Australian artist (1890–1969)

Lisette Anna Kohlhagen (20 December 1890 – 2 February 1969) was a South Australian artist.

==History==
Lisette was born at Kilkerran, near Maitland, South Australia on Yorke Peninsula, the youngest child of Johann Friedrich Christian Kohlhagen (1846–1910) and his wife Anna Maria Kohlhagen née Hoffrichter (1848–1905).

She studied at the South Australian School of Arts and Crafts in Adelaide under James Ashton and Miss McNamara, winning an award from the Royal Drawing Society in 1926, as did fellow student Ivor Hele In 1927 she and her sister Emma Adeline toured the galleries of Britain and Europe. and took the opportunity to study with Gratton Cooke at the R.D.S. She studied oil painting under Adelaide Perry in Sydney in 1935 and later, around 1937–1938, at George Bell's School, 443 Bourke Street, Melbourne.

She was a longtime member of the South Australian Society of Arts, and their secretary from 1947 to 1954, and a worker for the Liberal and Country League, to which party she made generous donations of artwork.
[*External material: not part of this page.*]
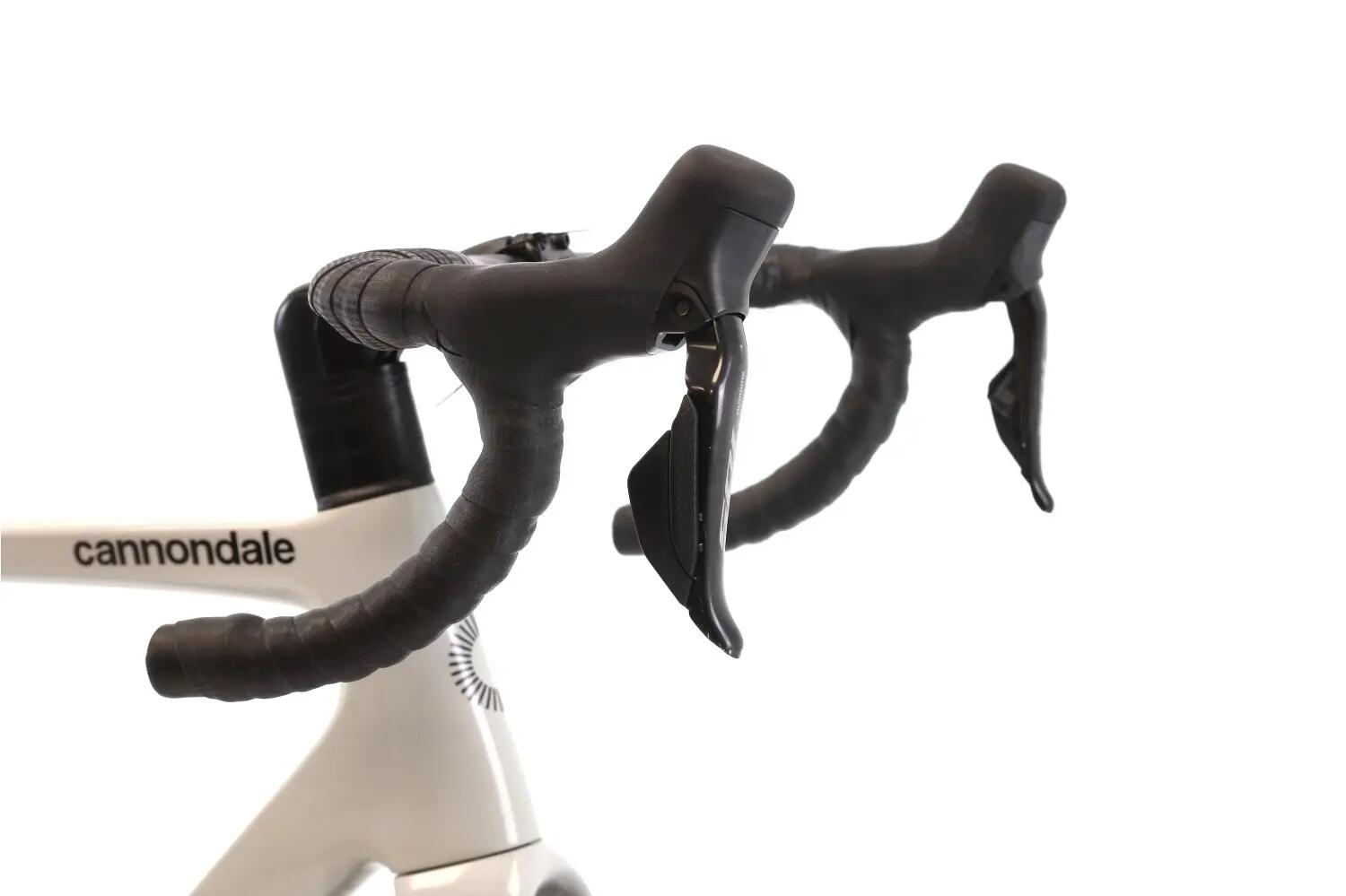 Tweedehands racefiets ·  SuperSix EVO Carbon 3 Di2 12V · Zeer goede toestand 6/8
She was a member of the self-styled "Group 9", whose members included Dorrit Black, Mary Harris, Geoffrey Shedley, Mary Shedley, Ernst Milston, Marjorie Gwynne, John Dowie and Ruby Henty. She was a foundation member of the SA branch of the Contemporary Art Society, wrote art criticism for the Adelaide News, and a volunteer guide and lecturer for the Art Gallery of South Australia.

Kohlhagen Street in the Canberra suburb of Conder is named in her honour.